# How long does goats' milk stay fresh?



## KellyHM (Aug 7, 2009)

I'm just wondering how long I can keep fresh goats' milk in the fridge before it goes bad.  Thanks!


----------



## freemotion (Aug 14, 2009)

I've had it for more than ten days and it is just fine.  I save it up for cheesemaking, and if I put it in a very clean one gallon jar and put the full jars in the back of the fridge where it is colder, they keep better.  Also, the cream that rises to the top tends to protect it, too.   So try not to move the bottles once they are full.

I had a quart go bad overnight once, I guess the bottle wasn't as clean as I thought it was, since the other quart bottle from the same milking was just fine for several days.

The only other sour milk was a quart given to a friend, she later admitted that she was so excited to get it that she took a gulp right from the bottle on the way home.  So it also got contaminated.  

Even sour milk has its uses, though, for baking, or as chicken food.
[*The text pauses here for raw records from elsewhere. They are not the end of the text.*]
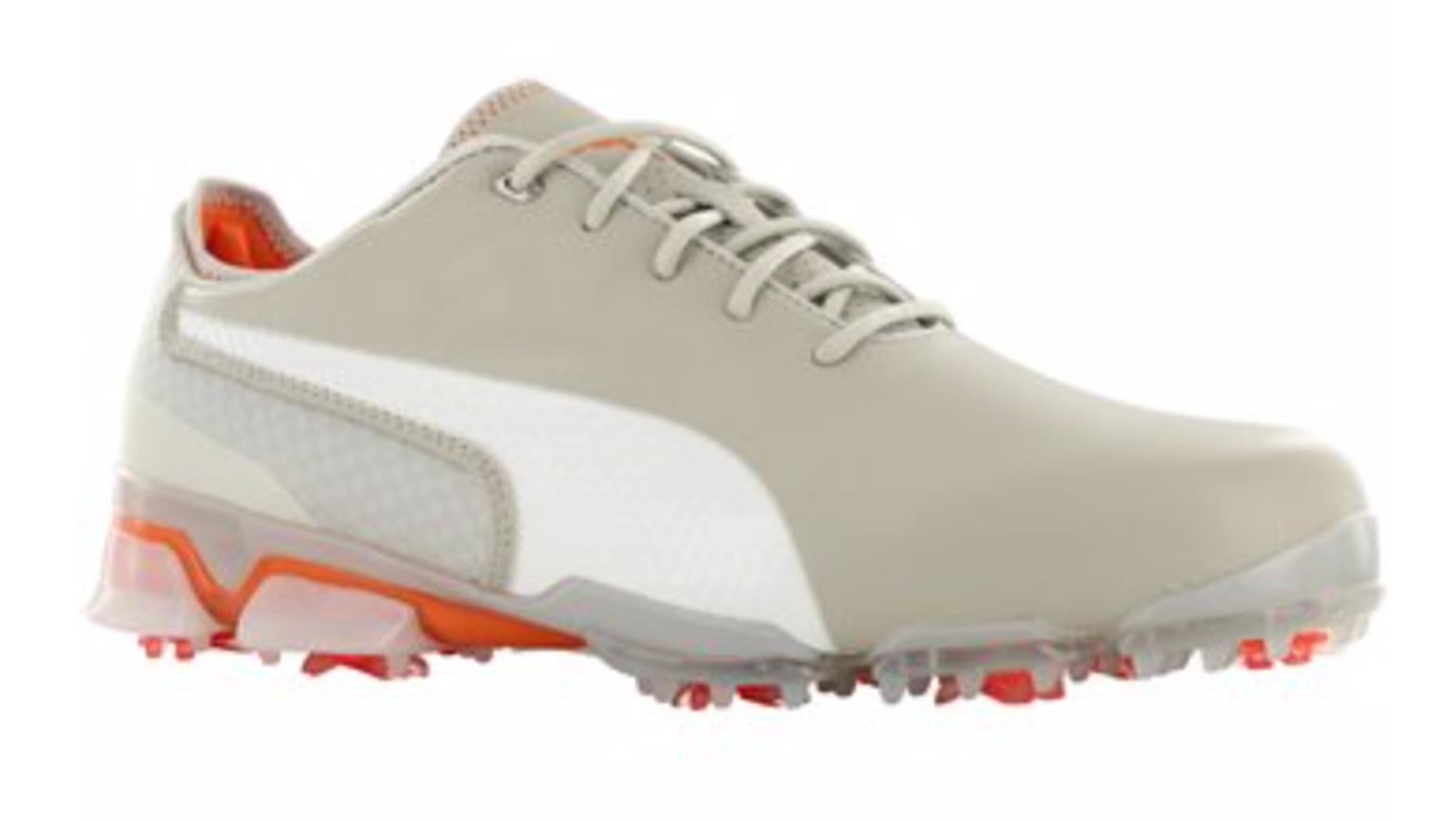 Puma Ignite ProAdapt Golf Shoes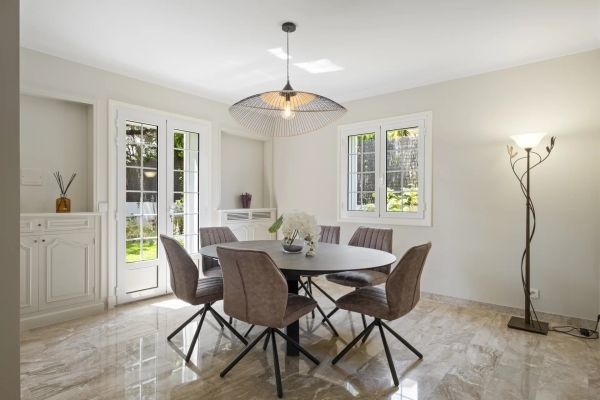 Maison de luxe à vendre à Cannes, 2 950 000 €, Photo 6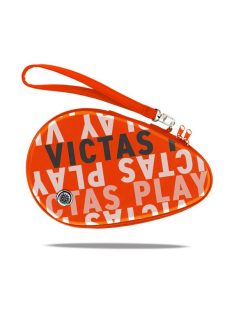 V>429 Kerek ütőtok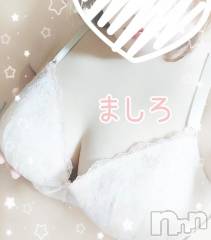 三条デリヘル新潟三条燕ちゃんこ(ニイガタサンジョウツバメチャンコ) ましろ(29)の10月24日写メブログ「お礼日記＆お知らせ！」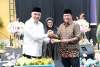 Bupati Tangerang Harap Kampus Politeknik Ismet Iskandar Segera Dibangun Di Kabupaten Tangerang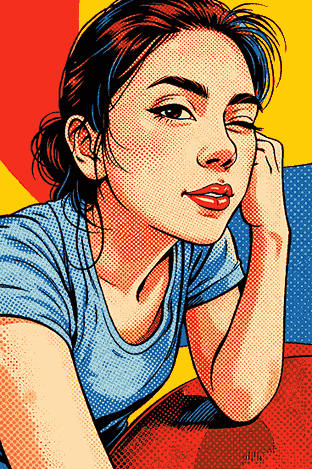 9ccfa96c-f2cc-4584-ac67-d4a62280c728_11zon_11zon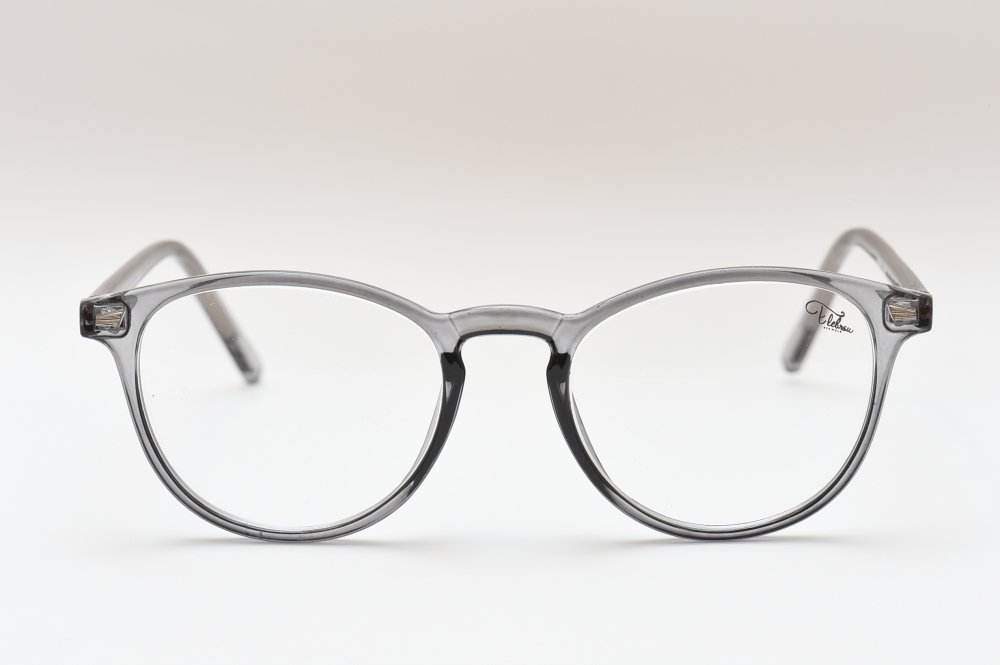 Cambria READING GLASSES リーディンググラス　(老眼レンズ)特別仕様 - ELEBROU official site  最新サングラス・アイウエアー専門ブランド ELEBROU エレブロ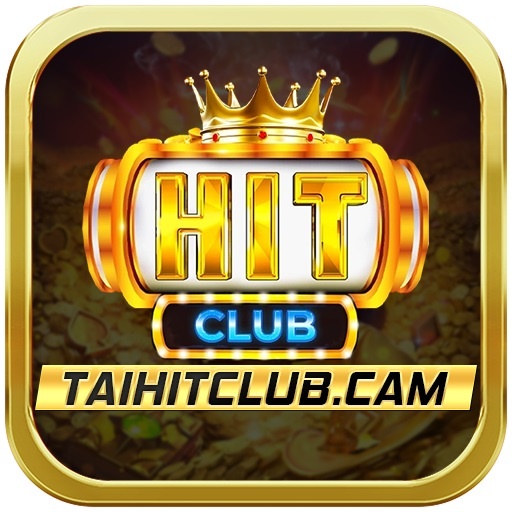 Tai Hitclub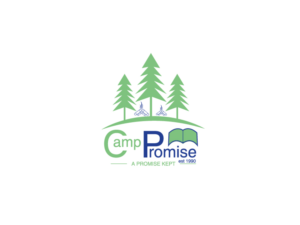 Design de Logo par esolztech pour ce projet | Design : #18780880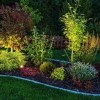 Greenways Landscaping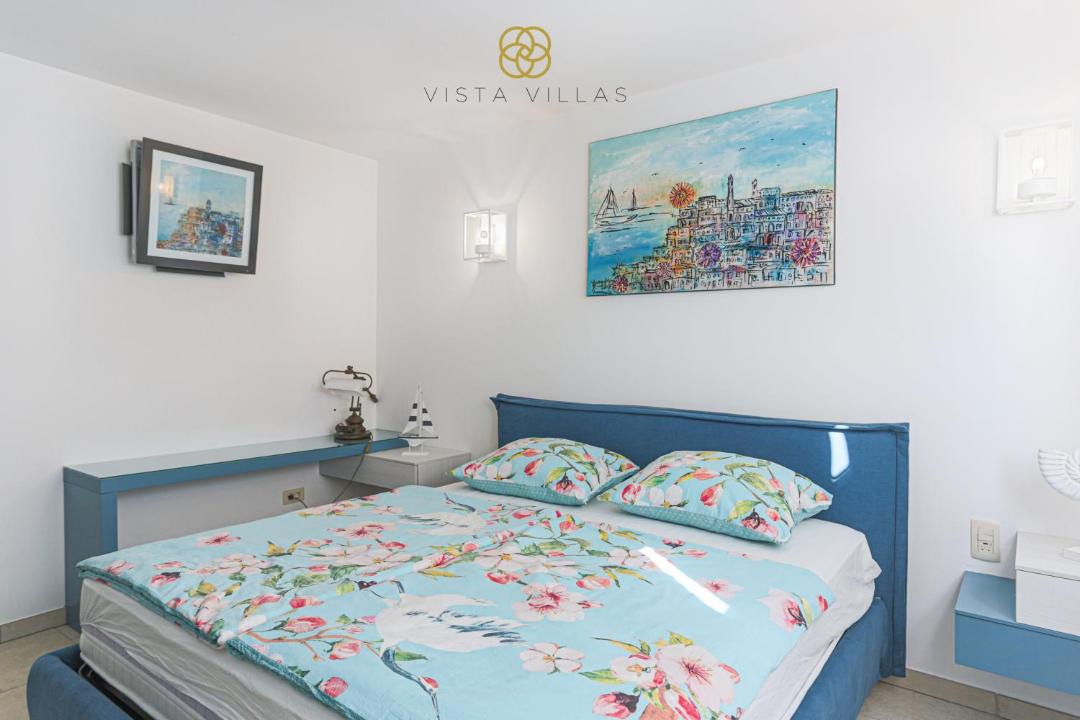 Photo of Bedroom in Rtina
The key is to have everything nice and clean.  I don't obsess....I let the dishwasher disinfect my jars, but I bleach my strainer (I use a re-usable coffee filter, the gold wire kind) just before using it each time.  I bleach it with a mild solution (1/2 Tbsp Clorox to 1 cup water) just before I go milk each time, pouring the bleach solution over both sides of the filter.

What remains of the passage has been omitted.